> EXERCISE DETAILS
Print the records below exactly, from the line containing "足协裁判：法比奥倒地点球判误" down to the line containing "Brown Horizontal Striped Tie Outfits", both lines included, and omit every picture.
━━━ DATA SUPPLIED ━━━
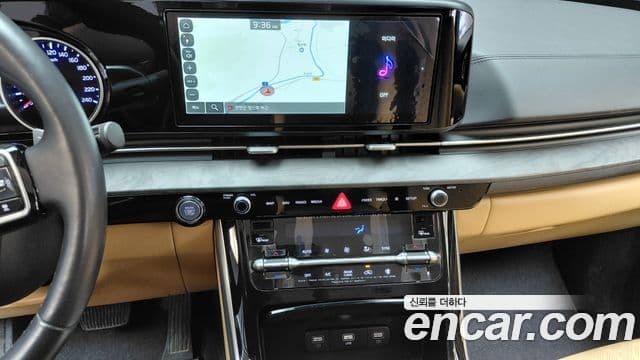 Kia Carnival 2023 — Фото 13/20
━━━
━━━ DATA SUPPLIED ━━━
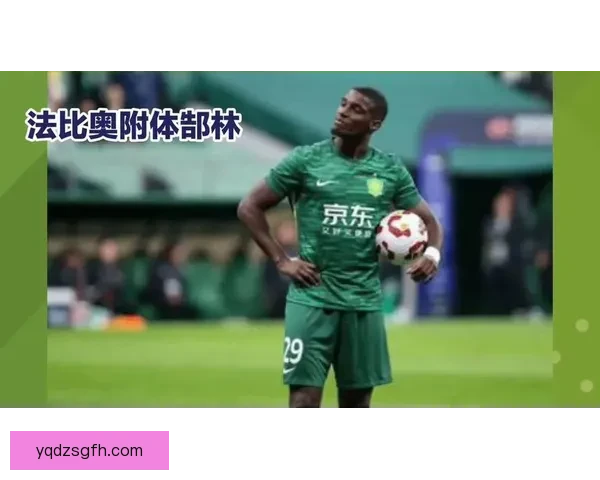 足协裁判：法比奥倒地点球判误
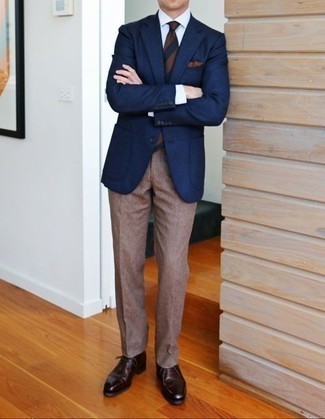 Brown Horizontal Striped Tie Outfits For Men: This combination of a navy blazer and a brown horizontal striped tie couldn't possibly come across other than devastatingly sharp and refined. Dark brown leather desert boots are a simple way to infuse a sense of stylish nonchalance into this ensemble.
━━━
━━━ DATA SUPPLIED ━━━
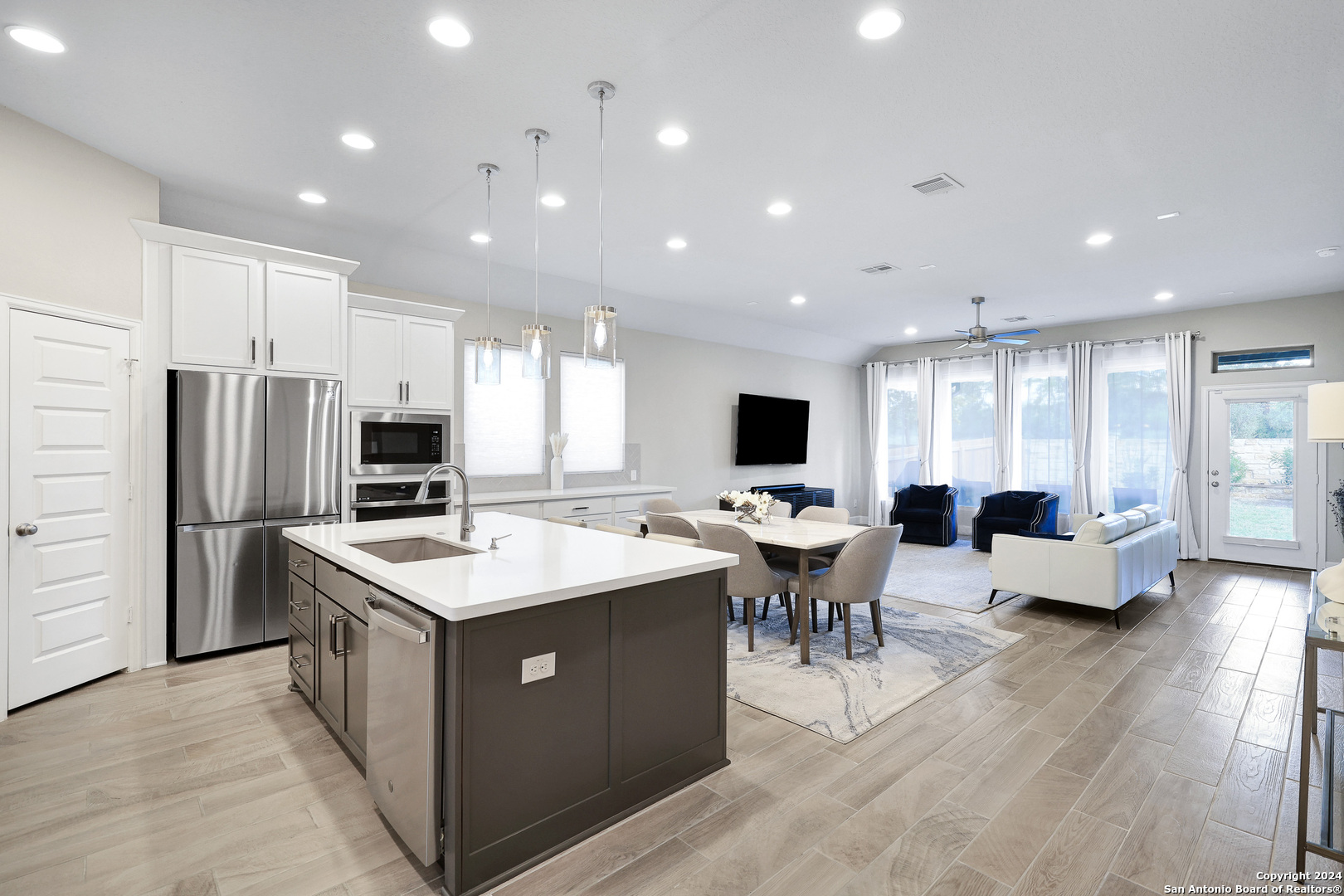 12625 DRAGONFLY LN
━━━
> OUTPUT FOR THIS EXERCISE
 足协裁判：法比奥倒地点球判误
 Brown Horizontal Striped Tie Outfits For Men: This combination of a navy blazer and a brown horizontal striped tie couldn't possibly come across other than devastatingly sharp and refined. Dark brown leather desert boots are a simple way to infuse a sense of stylish nonchalance into this ensemble.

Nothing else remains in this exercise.